Exercise material:
==================================================
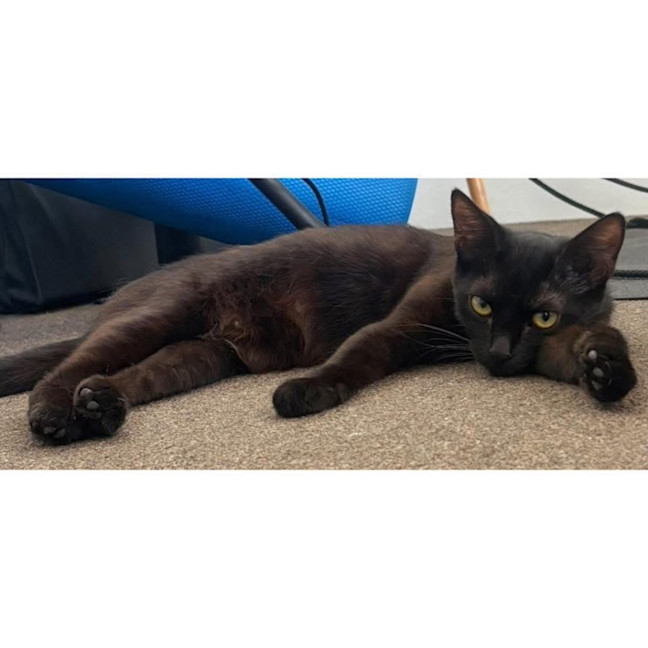 Photo of 12143   Bear Bear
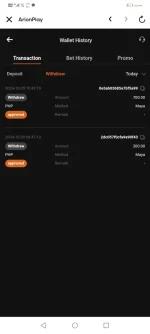 Screenshot_20241029_104450_com.paymaya.jpg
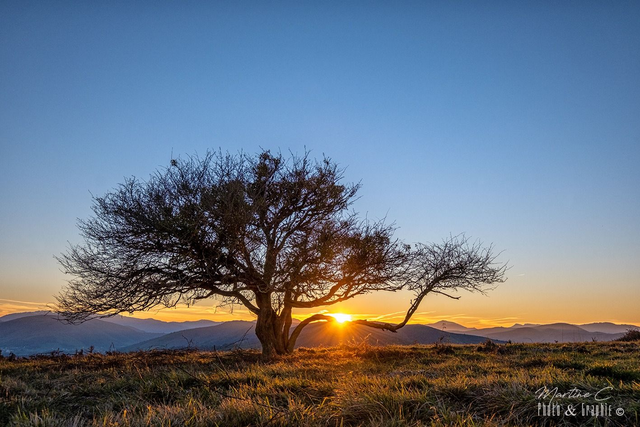 Le solitaire de Soyartz 40X60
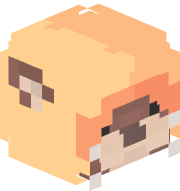 Montyyhz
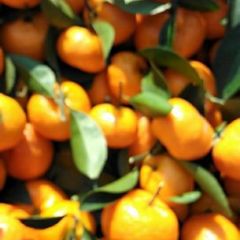 代收江西南丰桔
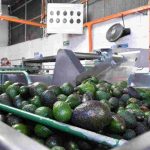 Michoacán cosechó un millón 460 mil toneladas de aguacate en la temporada 2025-2026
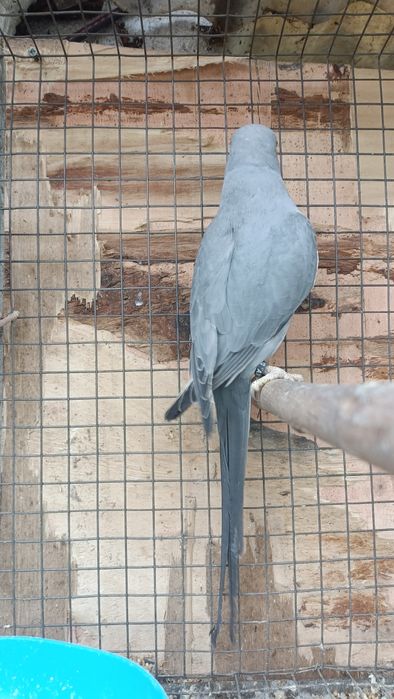 Ring neks reprodutores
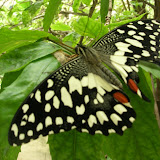 DSCN1460.JPG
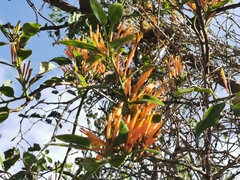 Tapinanthus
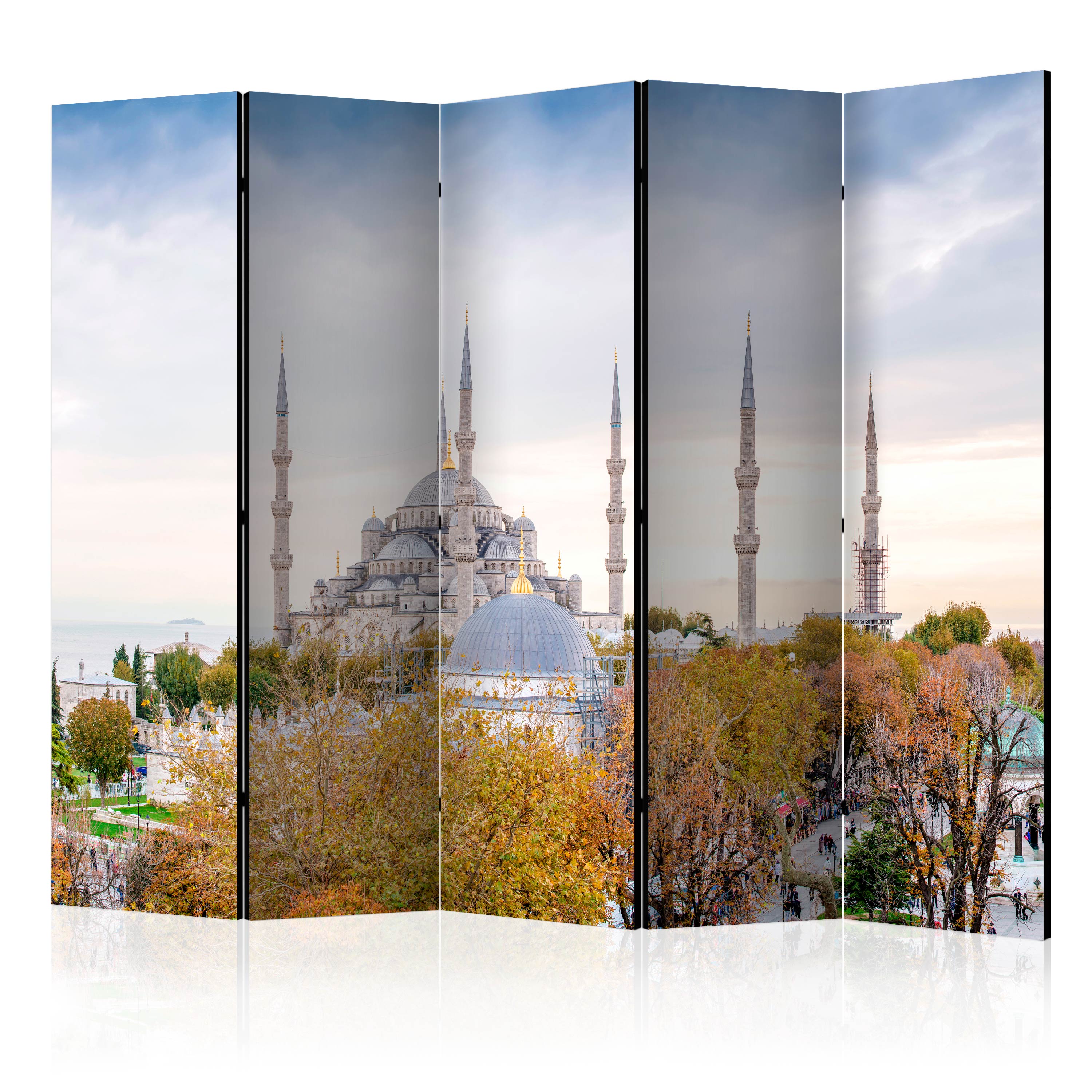 Room Divider - Hagia Sophia - Istanbul II [Room Dividers] - 225x172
==================================================
Task to complete:
An exact copy of all the data above is required; omit any pictures.

Task response:
 Photo of 12143   Bear Bear
 Screenshot_20241029_104450_com.paymaya.jpg
 Le solitaire de Soyartz 40X60
 Montyyhz
 代收江西南丰桔
 Michoacán cosechó un millón 460 mil toneladas de aguacate en la temporada 2025-2026
 Ring neks reprodutores
 DSCN1460.JPG
 Tapinanthus
 Room Divider - Hagia Sophia - Istanbul II [Room Dividers] - 225x172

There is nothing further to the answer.